Henreid returned briefly to RKO to play a pirate swashbuckler in the studio's 1945 release The Spanish Main. Returning to Warner Bros., he was cast the following year in Devotion, a biopic of the Brontë family in which Henreid portrays Arthur Bell Nicholls. He was next cast opposite Eleanor Parker in an adaptation of Of Human Bondage (1946). Metro-Goldwyn-Mayer then borrowed Henreid from Warners to play Robert Schumann in Song of Love (1947) opposite Katharine Hepburn. Henreid wrote in his memoirs that he bought out his Warner Bros contract for $75,000 and was offered a long term contract at MGM for $150,000 a year but turned it down.

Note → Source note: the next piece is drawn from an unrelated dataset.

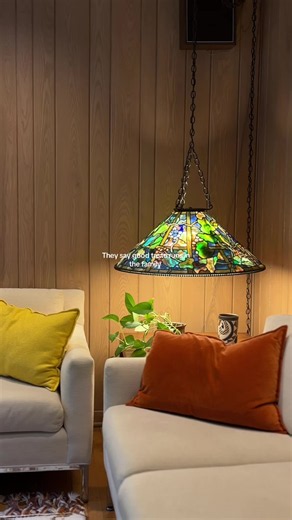 If I could live in any house in the world it would be my grandfathers house in Chicago - everything about the interior and thoughtful design blows my mind - all original pieces by Eames, Herman miller, frank lloyd wright - take this as your inspo coming from a 94 year old who studied architecture #interiordesign #midcenturymodernhome #architecture #architecturaldigest #goodtaste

Blacklisting and brief return to European films
In his 1984 autobiography Ladies Man Henreid recounts that he was one of a group of Hollywood stars who went to Washington to protest against the excesses of the House Committee on Un-American Activities, following which he was semi-blacklisted.  He says he was blacklisted from the major studios for five years – apart from Rope of Sand which was directed by a friend – before the blacklist was lifted, and he never understood why.

After leaving Warner Bros., Henreid decided to turn producer, making the film noir Hollow Triumph (1948) in which he also appeared. He was a villain in a Burt Lancaster adventure film Rope of Sand (1949). In 1950 he made a low-budget film for Edward and Harry Danziger, So Young, So Bad, which was followed by an offer from Sam Katzman to play pirate Jean Lafitte in Last of the Buccaneers (1950). He then went to France for Pardon My French (1951) before returning to Katzman for Thief of Damascus (1951). He directed and played the lead role in For Men Only (1952). Later, in England, he made the movies in the film noir genre Stolen Face (1952) and Mantrap (1953), then went back to Katzman for Siren of Bagdad (1953). In 1954, once again working for MGM, Henreid performed in a minor role in Deep in My Heart, his first "A" film in several years. 
He moved next to Columbia Pictures, where he appeared in Pirates of Tripoli for Katzman; and then, yet again, to MGM for a part in Meet Me in Las Vegas. He also appeared at this time on Broadway in Festival.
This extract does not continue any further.